Home > Sport & fitness > Ultra marathon from Brecon to Cardiff goes ahead despite Storm Ciara

Ultra marathon from Brecon to Cardiff goes ahead despite Storm Ciara

Participants running up a mountain path

While the rest of us were closing our windows and putting the kettle on, there were some people who remained undeterred by the wind and rain this weekend.

Group of runners preparing for the ultra marathon
Hundreds of runners braved the storm. Cc: @david_jasper.

A forty-three-mile ‘ultra marathon’ went ahead on Sunday after six months of planning, with roughly half of the six hundred who registered in the first place taking part amidst the challenge posed by Storm Ciara.

David, 37, who works in insurance, finished the run in roughly eight hours. Giving up never crossed his mind, nor was not attending ever an option for him.

“Because it’s an ultra marathon, it’s a little bit different. The people that tend to do that are a little bit, er, a bit more robust, a bit more resilient than the average person so they’re happy to take it on.”

The route of the ultra marathon took those running all the way from Brecon to the edge of Cardiff. Although the route was altered slightly at the last moment, participants ran a little over forty-three miles in total.

Participants were notified a few days in advance that the ultra marathon would not be cancelled or postponed, though this clearly represented an additional incentive for some. Other nearby runs originally intended for the weekend had already been called off, including the Llanelli half-marathon.

After some running seven miles along a canal, the event quickly transitioned into running up to the top of a mountain in the middle of the Brecon Beacons.

Runners going up a mountain path
The route took David up the steep inclines of Brecon’s peaks. Cc: @david_jasper.

 “I was thinking at the time, how bad would it have had to be to actually cancel the whole thing, because the wind and rain was just, you couldn’t run in it, you were just walking, head down. I saw someone at the start of it with goggles on. At the top, I was like, well, I could do with goggles now because the wind and the rain blowing in your face was something ridiculous to be honest.”

According to David, the only thing that could have stopped the ultra marathon from taking place would have been a red weather warning, which means a risk to life and possibly widespread damage to property and infrastructure, according to the Met Office.

“After the briefing at the start, they gave us some safety advice.

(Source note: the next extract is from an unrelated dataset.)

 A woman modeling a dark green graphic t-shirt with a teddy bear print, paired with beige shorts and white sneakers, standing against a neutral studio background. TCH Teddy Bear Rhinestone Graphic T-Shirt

And the advice was, if you see something old and wobbling, then watch out,” David said. “I’m surprised how many trees there were, especially at the start across the canal path.”

Overflowing canal bank in South Wales
Trees were collapsed in the middle of the path. Cc: @david_jasper.

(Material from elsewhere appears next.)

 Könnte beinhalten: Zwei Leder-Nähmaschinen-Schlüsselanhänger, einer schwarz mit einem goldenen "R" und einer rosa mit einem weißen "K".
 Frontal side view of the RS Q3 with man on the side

“There were loads of trees that had fallen down and at one point we had to wait about two minutes because you could only have one person across the tree at one point, so there’s quite a bottleneck where everyone had to climb over this tree.”

When asked if it takes resilience to enter, let alone finish an ultra marathon in those conditions, David said, “Yeah, I think it’s the type of person that does a race like that and they’ve probably got a bit of an addictive personality.”

“I know there was a point this summer where I did a race, I wanted to take a month off running, but I told myself I couldn’t take a month off running so after a week I was sort of itching to get back and only took off like a week and a half. I just found that I needed to run, I was getting a bit…”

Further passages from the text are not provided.